One could construct such a scenario with endgame pile-dancing for sure.
Sounds cool. Of course, there has to be some information-hiding; otherwise it's no mixed-strategy-situation. Gear could do that information-hiding.
Here is an example without using any kingdom cards. Suppose my deck and hand combined consist of 5 Gold, 1 Silver, and 3 Estates(we both know this), there are 3 provinces and 2 colonies left in the supply, and I have 3 Gold, Silver, Estate in hand (8 coins next turn, 11 this turn). We are tied on points, but you went first and you have a deck with +buy but no attacks. I reason that you have a really good chance of being able to get a colony, and a decent shot at being able to pick up an estate with it. No chance of double province, high chance of double duchy.

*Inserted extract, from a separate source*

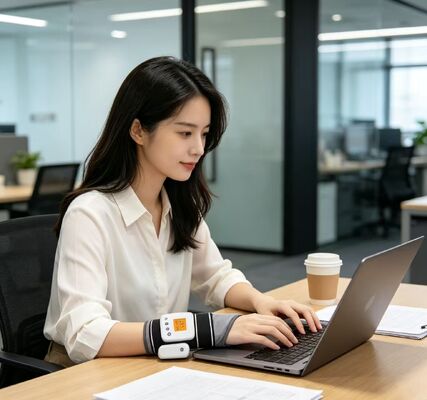 Băng đeo cổ tay có sưởi USB có chức năng massage rung, 3 mức nhiệt độ & cài đặt hẹn giờ, băng quấn cổ tay sưởi ấm hỗ trợ cổ tay do hội chứng ống cổ tay và viêm khớp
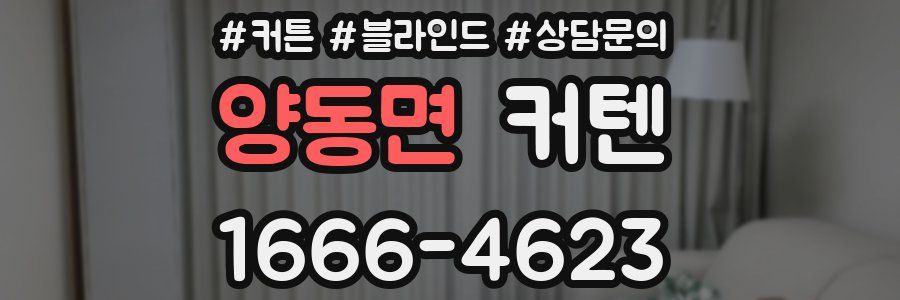 양동면 커텐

If I buy a colony: You have a decent shot at winning with colony/estate
If I buy province, not playing a gold: You can get a colony, taking a commanding lead, but may reason that I am likely to have a colony hand and so settle for double duchy.
If I always buy the province in this scenario, then I do poorly because you are likely to get the colony anyway. If I always buy the colony, you will always correctly get double duchy when in this scenario. You, seeing that I kept a card or two un-played, will have to adopt a mixed strategy to avoid me being able to take advantage of you; and I will also take a mixed strategy in this case. The example here isn't perfect, but hopefully you can see the potential.
As you can see, the information hiding is built-in by having hands and not being able to search through opponent's discards.
I think you can adapt expectiminimax to deal with hidden information. For instance, see
https://en.m.wikipedia.org/wiki/Partially_observable_Markov_decision_process
For simultaneous moves, a mixed strategy can indeed be the optimal strategy. So in either case I'd still take issue with the adage. But help me out here: Where in Dominion do you make simultaneous moves? The only case I can think of is masquerade, and I have to think about that, but my gut reaction is that you could come up with an equivalent non-simultaneous way to express what you do there.
In this case it is effectively simultaneous because you make your decision without knowing what decision I made, that is, whether I chose to not play a gold or whether I didn't have one.
This is also why the real pros don't play all their coppers on the opening when they aren't going to use them. Note that this is completely false; nobody actually does this and it never actually matters even slightly. In theory it totally could though!